Microdata vs. RDFa – What does it mean to us?

Wednesday, October 28th, 2009

Only today I became aware of microdata, the proposed way of embedding semantic annotations into HTML5. (Yes, they adopted the syntax that Michael also prefers for OMDoc, and which I personally hate, but I will get used to it.) Microdata are not to be confused with microformats, a poor man’s way of annotation that (ab)uses CSS classes and thus is compatible with HTML 4. Microdata are something like RDFa but

  1. are slightly easier to use for people who don’t understand XML namespaces
    • granted, RDFa’s excessive reliance on XML namespaces makes it hard to parse, and makes it unbearably complex to copy/paste a fragment, which is an important use case for HTML5
  2. allow for ad hoc pseudo-semantic markup when you do not use an ontology
    • What’s the point in annotating at all, then?
  3. compatible with the non-XML syntax of HTML5 (which should have been ditched IMHO, but, well, in the interest of reactionary users and software, they decided differently)

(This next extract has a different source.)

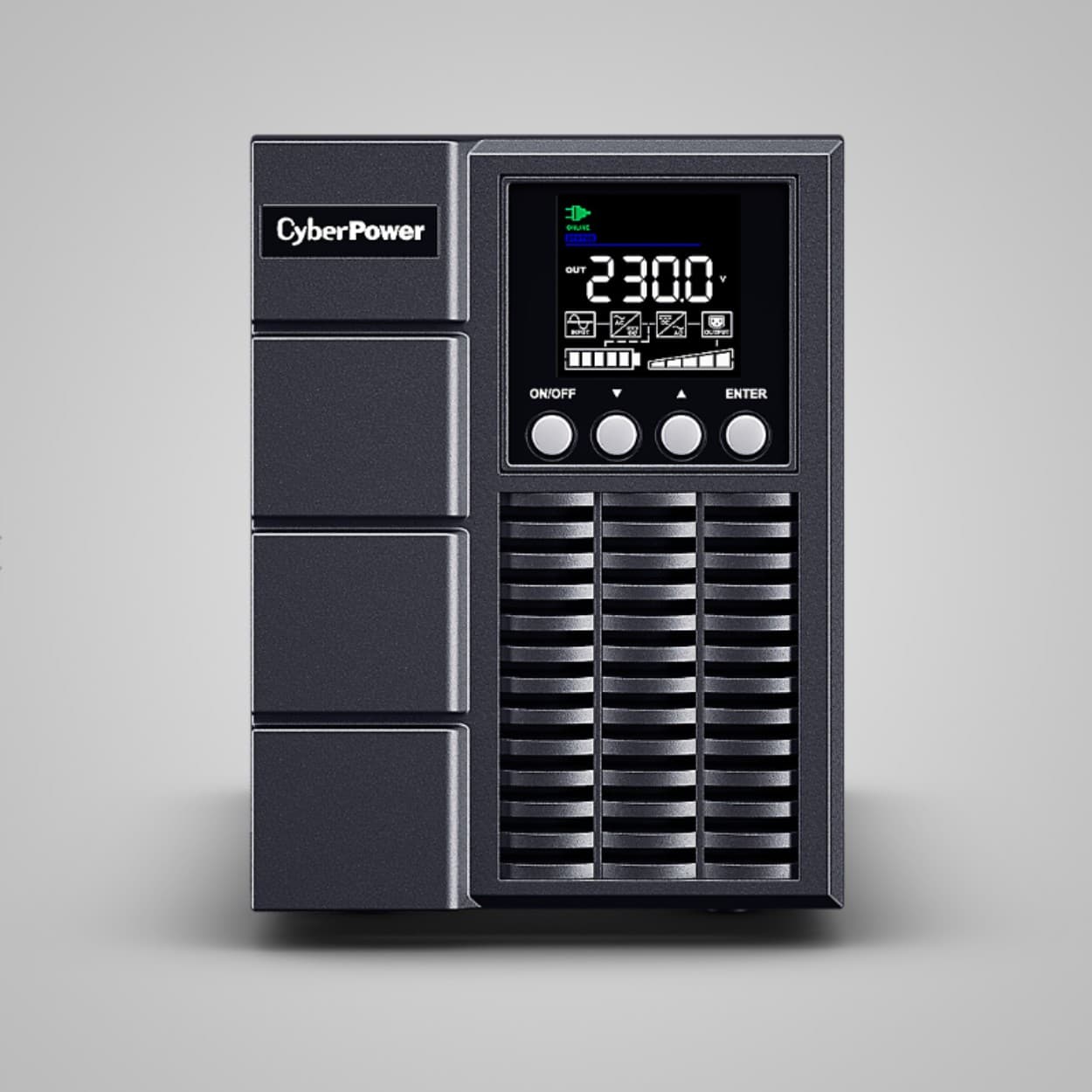 SAI CyberPower OLS1000EA Online Doble Conversión - 1000VA/900W - Onda Pura - Torre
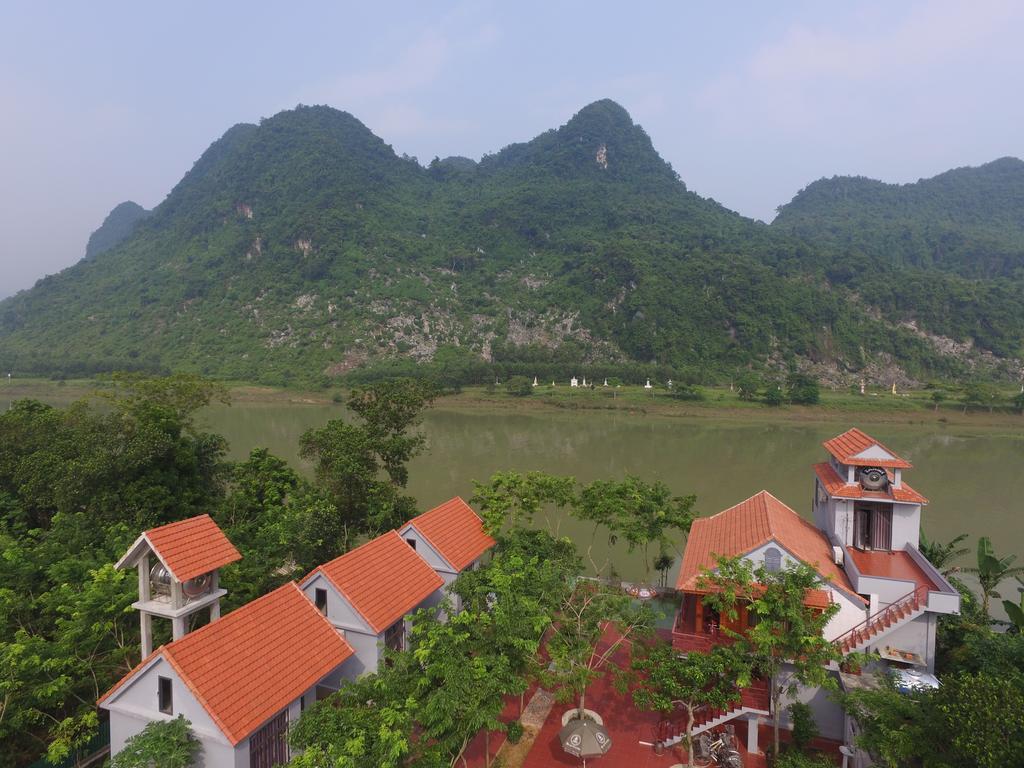Ho Khanh'S Homestay Phong Nha Exterior photo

The fight for the future of RDFa in HTML is going on, but what does that mean to KWARC? We have incorporated RDFa into OMDoc as a means of extending the metadata vocabularies. RDFa, originally designed for XHTML, is prepared for being integrated into any XML language, including OMDoc. HTML5 microdata are an integral part of the HTML5 specification and would not work in other XML languages. OK, but we present OMDoc documents as HTML to make them human-readable. In this output, we want to preserve the semantics of the OMDoc markup, and for that we had always been thinking about using RDFa. (We know exactly how to do it, but just have not yet implemented that step, though.) We could use HTML5 microdata instead, but:

  1. RDFa has little software support so far, but microdata have none (beyond proofs of concept)
  2. We generate XML-compliant HTML. The non-XML syntax of HTML5 supports embedded MathML, but I doubt that it will support parallel OpenMath markup, where elements from yet another namespace are embedded into the MathML formulae.
  3. We generate HTML. The embedded annotations need not be authored manually, so they do not have to be easy to author.
  4. We are interested in using well-defined ontologies to express semantics, so we don’t need ad hoc “semantic” markup.

What do you think?

Krextor Publicity

Monday, July 20th, 2009

I was surprised to find the following search result for Krextor

The document “Krextor – An extensible XML→RDF extraction framework.pdf” is no longer available on docstoc.
It has either been removed by the original owner of the document or by the docstoc staff due to copyrighted or inappropriate content.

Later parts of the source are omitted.